Burn-Rate Recording Rules
Pre-compute the burn rates to avoid expensive ad-hoc queries:
groups:
- name: burn_rate_precompute
interval: 30s
rules:
- record: job:slo_burn_rate:5m
expr: |
(1 - sum by(job)(rate(http_requests_total{status!~"5.."}[5m]))
/ sum by(job)(rate(http_requests_total[5m])))
/ 0.001
- record: job:slo_burn_rate:30m
expr: |
(1 - sum by(job)(rate(http_requests_total{status!~"5.."}[30m]))
/ sum by(job)(rate(http_requests_total[30m])))
/ 0.001
- record: job:slo_burn_rate:1h
expr: |
(1 - sum by(job)(rate(http_requests_total{status!~"5.."}[1h]))
/ sum by(job)(rate(http_requests_total[1h])))
/ 0.001
- record: job:slo_burn_rate:6h
expr: |
(1 - sum by(job)(rate(http_requests_total{status!~"5.."}[6h]))
/ sum by(job)(rate(http_requests_total[6h])))

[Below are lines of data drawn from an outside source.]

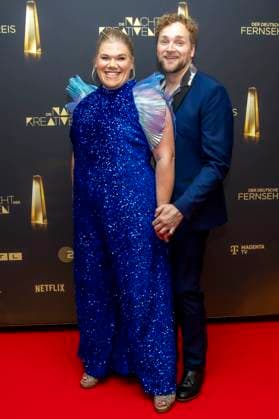 abb Gisa Flake the actress with her husband Knud Riepen on the red carpet at the Night of the Creatives The German Television Award 2025 at the Flora on 09 09 2025 in Cologne NRW Germany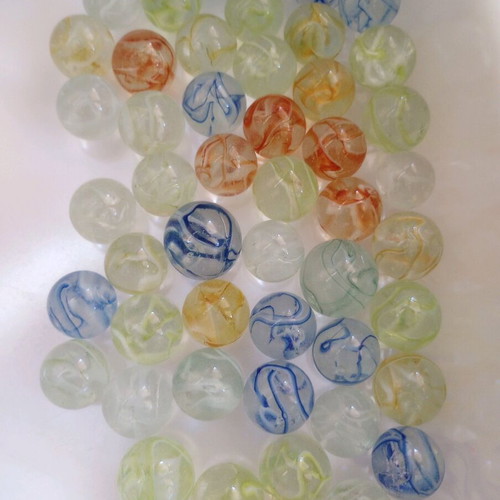 Glass marbles new, pack of 50 pieces from the 1970s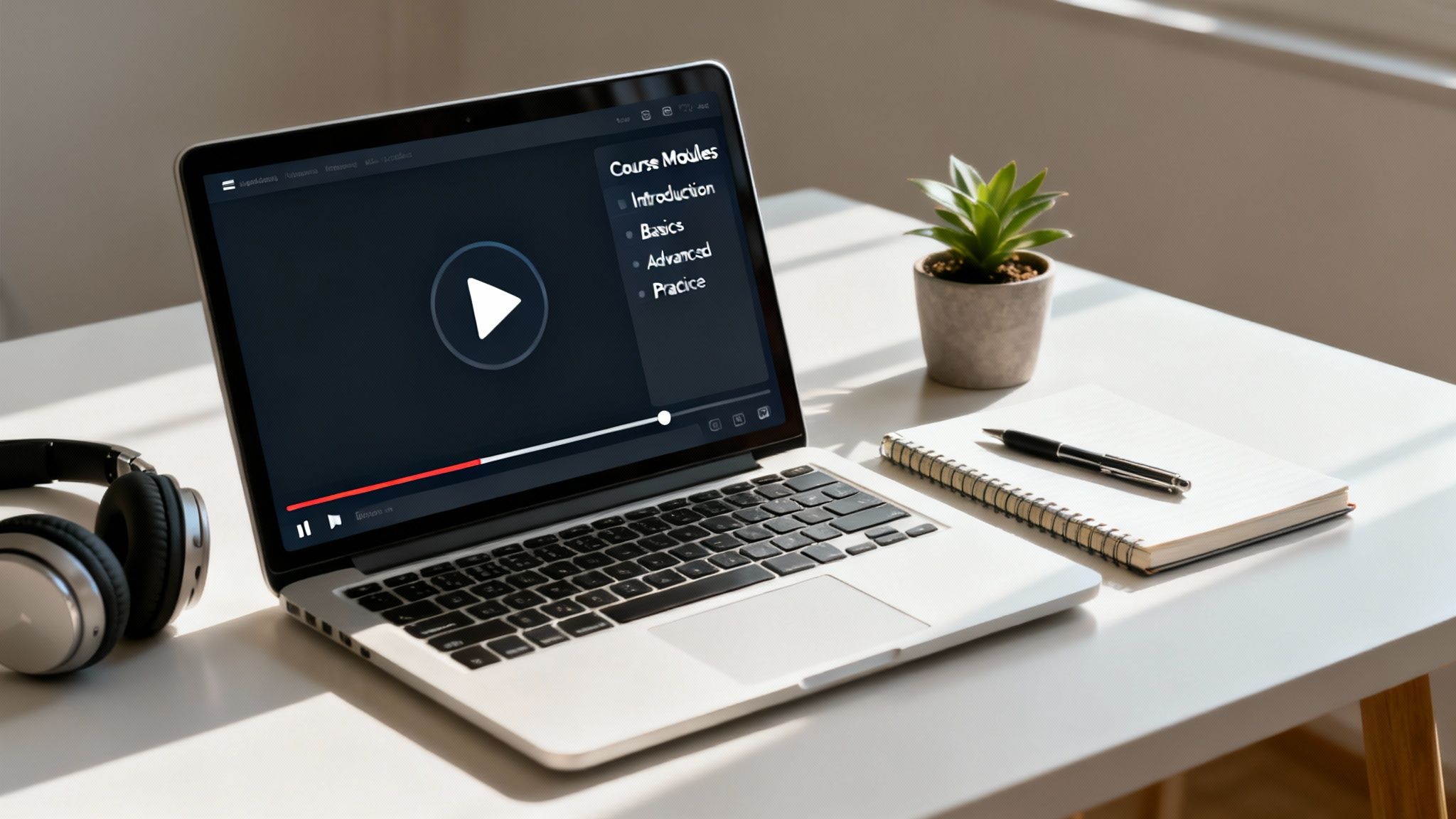 Online course displayed on a laptop with headphones, a plant, and a notebook on a white desk.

/ 0.001Error Budget Policy: Connecting SLOs to Decisions
An SLO without a policy is decoration. Define what happens at each budget level:
| Budget remaining | Action |
|---|---|
| > 50% | Normal feature velocity |
| 25–50% | Reliability work enters sprint; feature additions review |
| 10–25% | Feature freeze; focus on reliability improvements |
| < 10% | Incident mode; no feature work until budget recovers |
| Exhausted | Executive escalation; customer notification if external |
Document this policy in your runbook and make the budget remaining metric visible on your team dashboard. "We have 8.3 minutes of error budget left this month" is a concrete statement that non-technical stakeholders can act on.
Key Takeaways
- SLIs must measure user experience, not infrastructure health — a 200 status with a broken body is not a good request.
- Error budget is the quantified consequence of the SLO target — it makes the abstract ("99.9% uptime") concrete ("43.2 minutes of allowed downtime per month").
- Burn-rate alerts outperform threshold alerts because they detect sustained moderate degradation that brief spikes miss, with far fewer false positives.
- Multi-window burn-rate (short window confirms signal, long window confirms it is sustained) is the standard approach from the Google SRE workbook.
- Pre-compute burn rates as recording rules — ad-hoc multi-window PromQL over long ranges is query-expensive.
- An error budget policy that specifies actions at each budget threshold is what turns an SLO from a metric into a decision-making tool.